In deze zaak hebben de passagiers, wonende in Albanië, een vordering ingesteld tegen Austrian Airlines wegens compensatie voor vertraging van hun vlucht van Tirana naar Amsterdam op 21 juni 2019. De passagiers vorderden een schadevergoeding van € 1.200,00, vermeerderd met wettelijke rente en buitengerechtelijke kosten, op basis van de Europese Verordening (EG) nr. 261/2004. De passagiers hebben hun vordering onderbouwd met de stelling dat de vertraging van de vlucht OS 848, die hen de overstap op vlucht OS 375 deed missen, hen recht geeft op compensatie.

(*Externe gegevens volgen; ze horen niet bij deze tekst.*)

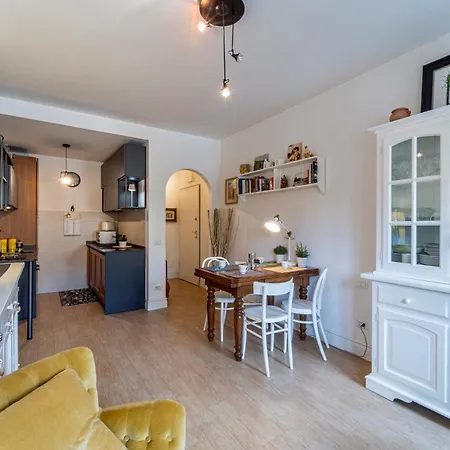 Unyca - Charming Oltrarno Apartment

Austrian Airlines heeft de vordering betwist en aangevoerd dat de vertraging het gevolg was van buitengewone omstandigheden, namelijk besluiten van de luchtverkeersleiding, waar zij geen invloed op had. De kantonrechter heeft vastgesteld dat de passagiers met meer dan drie uur vertraging op hun eindbestemming zijn aangekomen, wat hen in beginsel recht geeft op compensatie. Echter, de rechter oordeelde dat Austrian Airlines voldoende heeft aangetoond dat de vertraging het gevolg was van buitengewone omstandigheden, en dat zij alle redelijke maatregelen heeft getroffen om de vertraging te beperken.
De kantonrechter heeft uiteindelijk de vordering van de passagiers afgewezen en hen veroordeeld in de proceskosten. De rechter concludeerde dat de vertraging van de vlucht OS 848 door de buitengewone omstandigheden van de voorgaande vlucht OS 847 niet aan Austrian Airlines kon worden toegerekend, en dat de luchtvaartmaatschappij niet aansprakelijk was voor de compensatie.